Schools are good levelers. No matter how shiny and bright you are, the same rules apply. Many great experiences are cheerfully shoved down your throat. We had wonderfully inclusive prayers, and celebrated most festivals. We found other duffers like ourselves to befriend for life. I like that schools enforce sharing and sensitise you to issues without giving you a choice.

My problem with most schools, however, is that they institutionalise competitiveness. They teach you the difference between less and more. This is not the fault of individual schools, but is the nature of the beast itself. Somehow it seems systemically built-in that those who are brighter, smarter, prettier will occupy a space of privilege. When I was in class 2, a teacher walked in and asked our class teacher to ‘send some fair, pretty girls for the concert.’ I wasn’t picked; I didn’t feel traumatised. But since my teacher knew best, and since she didn’t pick me, I decided that I wasn’t pretty. This sort of ‘knowledge’ takes long to wear off. 

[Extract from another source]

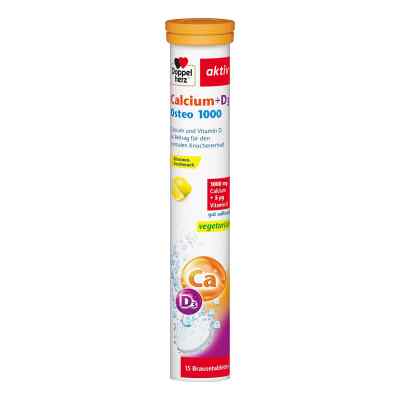 Doppelherz Calcium + D3 Osteo 1000 Brausetabletten bei apo-discounter.de bestellen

The scariest thing about school is the amount of power it gives adults over children. For every kind teacher I know or remember, there are two or three who can damage psyches. Even the nice ones don’t realize just how seriously kids take them. I heard of an ‘alternative’ school where the same teacher takes the same set of kids from class 1 to class 10. Shudder.

Corporeal punishment has been outlawed, thank god, but teachers still hit kids. A friend who went to report such a case to her child’s school was flatly told that no action would be taken against the teacher —despite many complaints against him. I know of verbally abusive teachers who terrorise small children and are not pulled up despite feedback. I guess at this time of flux, when schools are competing with one another, good teachers are hard to find. It’s tough, thankless work to run a school, and often parents simply stand in the sidelines, cribbing. What could help perhaps would be having a feedback system in place. But is that even possible in this large, complex country?

I guess the perfect system, like the perfect spouse, is hard to find, probably because each of us has a different vision of ‘good’ education. Somehow, among all the noise and the opinions, I hope we can do what’s best for our kids!

Anita Vachharajani raises a child, writes children’s books, and spends most of her time worrying about her poor parenting skills.